Rue20 Español/ Fez
Meryem Ghoua
La eliminación de Sudáfrica en los dieciseisavos de final del Mundial de 2026 dejó un profundo sabor amargo en el combinado dirigido por Hugo Broos. Más allá de la derrota por 1-0 frente a Canadá, el seleccionador belga confesó que dentro del vestuario existía una ilusión compartida: superar esa ronda para reencontrarse con Marruecos en los octavos de final, en un duelo que consideraban una oportunidad para volver a medir fuerzas con los Leones del Atlas.
Tras el encuentro, Broos reconoció que tanto él como sus futbolistas soñaban con ese enfrentamiento ante la selección marroquí, apoyándose en los antecedentes favorables de Sudáfrica frente al conjunto marroquí. Sin embargo, admitió que pensar en el siguiente rival antes de superar el obstáculo de Canadá terminó siendo un error. «Queríamos enfrentarnos a Marruecos, pero primero había que ganar a Canadá. Al no conseguirlo, ese partido quedó solo como un sueño», dijo.

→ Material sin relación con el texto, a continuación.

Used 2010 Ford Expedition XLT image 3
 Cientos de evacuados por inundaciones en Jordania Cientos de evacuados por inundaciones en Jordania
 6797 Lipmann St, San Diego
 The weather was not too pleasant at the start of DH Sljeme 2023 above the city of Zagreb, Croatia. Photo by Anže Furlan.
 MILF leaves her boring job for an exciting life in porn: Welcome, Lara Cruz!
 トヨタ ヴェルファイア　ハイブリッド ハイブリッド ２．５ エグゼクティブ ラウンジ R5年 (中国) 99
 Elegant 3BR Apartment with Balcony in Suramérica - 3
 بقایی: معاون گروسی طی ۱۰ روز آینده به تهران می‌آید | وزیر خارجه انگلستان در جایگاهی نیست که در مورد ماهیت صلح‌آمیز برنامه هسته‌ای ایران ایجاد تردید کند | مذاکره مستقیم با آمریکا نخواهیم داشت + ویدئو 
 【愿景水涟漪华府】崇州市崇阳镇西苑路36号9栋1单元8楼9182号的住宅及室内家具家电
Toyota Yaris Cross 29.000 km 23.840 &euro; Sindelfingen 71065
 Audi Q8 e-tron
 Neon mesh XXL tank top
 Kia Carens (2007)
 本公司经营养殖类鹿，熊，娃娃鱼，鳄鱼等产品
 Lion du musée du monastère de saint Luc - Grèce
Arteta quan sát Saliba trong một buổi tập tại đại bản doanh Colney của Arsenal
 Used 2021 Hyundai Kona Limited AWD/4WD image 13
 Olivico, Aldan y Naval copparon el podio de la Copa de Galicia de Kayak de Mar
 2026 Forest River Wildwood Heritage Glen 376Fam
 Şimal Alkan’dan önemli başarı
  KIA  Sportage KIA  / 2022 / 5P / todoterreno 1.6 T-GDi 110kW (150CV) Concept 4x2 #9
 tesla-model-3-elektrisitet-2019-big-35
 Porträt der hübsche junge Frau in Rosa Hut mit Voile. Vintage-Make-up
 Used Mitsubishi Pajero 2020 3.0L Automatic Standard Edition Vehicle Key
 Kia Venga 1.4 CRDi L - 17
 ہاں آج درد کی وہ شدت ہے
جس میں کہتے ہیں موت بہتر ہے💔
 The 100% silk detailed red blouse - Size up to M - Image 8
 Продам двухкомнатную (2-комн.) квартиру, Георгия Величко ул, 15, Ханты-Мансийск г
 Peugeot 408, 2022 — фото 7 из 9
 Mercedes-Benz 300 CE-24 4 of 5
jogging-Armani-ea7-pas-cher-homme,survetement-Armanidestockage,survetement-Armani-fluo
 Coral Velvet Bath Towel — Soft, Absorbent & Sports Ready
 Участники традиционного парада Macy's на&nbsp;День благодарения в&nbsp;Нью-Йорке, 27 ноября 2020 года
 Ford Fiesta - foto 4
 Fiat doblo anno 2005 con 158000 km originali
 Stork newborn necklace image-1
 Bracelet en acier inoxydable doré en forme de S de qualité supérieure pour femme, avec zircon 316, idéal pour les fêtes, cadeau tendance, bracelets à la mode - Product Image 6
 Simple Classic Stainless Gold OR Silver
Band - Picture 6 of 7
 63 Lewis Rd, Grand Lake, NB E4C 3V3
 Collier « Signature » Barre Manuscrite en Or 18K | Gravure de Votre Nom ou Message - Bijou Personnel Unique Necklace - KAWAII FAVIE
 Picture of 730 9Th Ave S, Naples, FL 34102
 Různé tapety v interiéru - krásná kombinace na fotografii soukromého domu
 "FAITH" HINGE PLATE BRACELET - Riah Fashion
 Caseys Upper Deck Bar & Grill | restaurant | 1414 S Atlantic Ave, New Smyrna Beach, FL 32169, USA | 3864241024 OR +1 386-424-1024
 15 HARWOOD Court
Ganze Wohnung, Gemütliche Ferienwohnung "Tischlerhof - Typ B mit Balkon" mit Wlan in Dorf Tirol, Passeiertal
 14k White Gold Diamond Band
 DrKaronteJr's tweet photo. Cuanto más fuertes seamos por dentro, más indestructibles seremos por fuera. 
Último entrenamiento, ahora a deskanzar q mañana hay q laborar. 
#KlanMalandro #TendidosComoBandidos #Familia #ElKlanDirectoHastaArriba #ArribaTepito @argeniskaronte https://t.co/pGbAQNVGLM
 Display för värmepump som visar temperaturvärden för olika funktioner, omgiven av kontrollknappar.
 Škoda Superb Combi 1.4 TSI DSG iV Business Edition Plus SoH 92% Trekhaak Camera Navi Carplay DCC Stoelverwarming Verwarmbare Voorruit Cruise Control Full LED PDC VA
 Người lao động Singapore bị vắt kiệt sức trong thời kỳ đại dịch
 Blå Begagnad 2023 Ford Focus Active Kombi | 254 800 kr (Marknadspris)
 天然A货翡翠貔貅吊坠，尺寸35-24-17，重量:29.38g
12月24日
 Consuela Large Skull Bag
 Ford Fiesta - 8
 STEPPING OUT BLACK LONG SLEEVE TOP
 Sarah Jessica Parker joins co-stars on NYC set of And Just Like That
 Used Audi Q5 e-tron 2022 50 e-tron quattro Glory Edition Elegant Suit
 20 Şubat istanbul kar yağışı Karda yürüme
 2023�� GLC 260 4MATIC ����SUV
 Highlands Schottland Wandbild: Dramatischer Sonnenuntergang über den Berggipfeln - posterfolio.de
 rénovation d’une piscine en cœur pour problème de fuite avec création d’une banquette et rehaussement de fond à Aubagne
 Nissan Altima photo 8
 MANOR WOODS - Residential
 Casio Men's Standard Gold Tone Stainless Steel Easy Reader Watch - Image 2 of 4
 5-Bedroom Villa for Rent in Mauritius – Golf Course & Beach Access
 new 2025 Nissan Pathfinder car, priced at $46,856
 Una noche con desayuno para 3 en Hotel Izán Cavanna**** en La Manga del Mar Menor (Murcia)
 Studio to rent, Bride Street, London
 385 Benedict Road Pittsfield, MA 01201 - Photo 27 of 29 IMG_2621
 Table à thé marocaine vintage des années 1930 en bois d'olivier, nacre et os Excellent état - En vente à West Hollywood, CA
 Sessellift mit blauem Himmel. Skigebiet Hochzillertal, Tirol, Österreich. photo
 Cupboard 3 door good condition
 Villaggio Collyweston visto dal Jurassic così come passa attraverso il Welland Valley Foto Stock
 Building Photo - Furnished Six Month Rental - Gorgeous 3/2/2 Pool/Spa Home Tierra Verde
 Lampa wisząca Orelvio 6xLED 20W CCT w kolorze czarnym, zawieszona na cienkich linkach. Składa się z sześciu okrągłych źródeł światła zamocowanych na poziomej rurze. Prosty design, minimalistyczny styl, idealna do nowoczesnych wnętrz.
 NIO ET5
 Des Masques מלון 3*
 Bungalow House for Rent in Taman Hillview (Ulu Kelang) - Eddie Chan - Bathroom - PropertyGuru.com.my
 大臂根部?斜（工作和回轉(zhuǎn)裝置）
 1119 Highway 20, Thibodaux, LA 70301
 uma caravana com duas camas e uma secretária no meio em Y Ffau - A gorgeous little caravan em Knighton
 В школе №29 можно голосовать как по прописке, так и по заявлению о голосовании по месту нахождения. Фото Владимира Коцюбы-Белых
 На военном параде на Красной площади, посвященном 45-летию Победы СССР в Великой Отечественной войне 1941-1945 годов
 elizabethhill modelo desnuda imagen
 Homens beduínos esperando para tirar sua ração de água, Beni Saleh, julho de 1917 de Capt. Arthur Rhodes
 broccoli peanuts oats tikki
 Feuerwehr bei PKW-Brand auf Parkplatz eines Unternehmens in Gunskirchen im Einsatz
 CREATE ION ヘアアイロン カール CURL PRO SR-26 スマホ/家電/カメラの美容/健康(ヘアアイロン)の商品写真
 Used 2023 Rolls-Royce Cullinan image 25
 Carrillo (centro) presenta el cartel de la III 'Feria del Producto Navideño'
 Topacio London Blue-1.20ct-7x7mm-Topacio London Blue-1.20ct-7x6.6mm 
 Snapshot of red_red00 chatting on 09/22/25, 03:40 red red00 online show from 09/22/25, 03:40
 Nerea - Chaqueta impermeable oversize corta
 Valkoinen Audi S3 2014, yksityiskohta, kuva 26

El experimentado entrenador también aprovechó para elogiar el nivel del combinado canadiense, verdugo de Sudáfrica en esta edición del torneo. A su juicio, Canadá posee las herramientas necesarias para competir de tú a tú con cualquiera de los grandes aspirantes al título.
Broos destacó especialmente la velocidad, la fortaleza física y la mentalidad competitiva del conjunto norteamericano, cualidades que, según explicó, podrían convertirlo en un rival muy peligroso para quien salga vencedor del atractivo cruce entre Marruecos y Países Bajos.
De esta manera, el seleccionador belga cerró su participación en el Mundial con la sensación de haber dejado escapar una oportunidad única, no solo de avanzar en el torneo, sino también de protagonizar un enfrentamiento que toda Sudáfrica esperaba frente a una selección marroquí que continúa consolidándose como una de las grandes potencias del campeonato.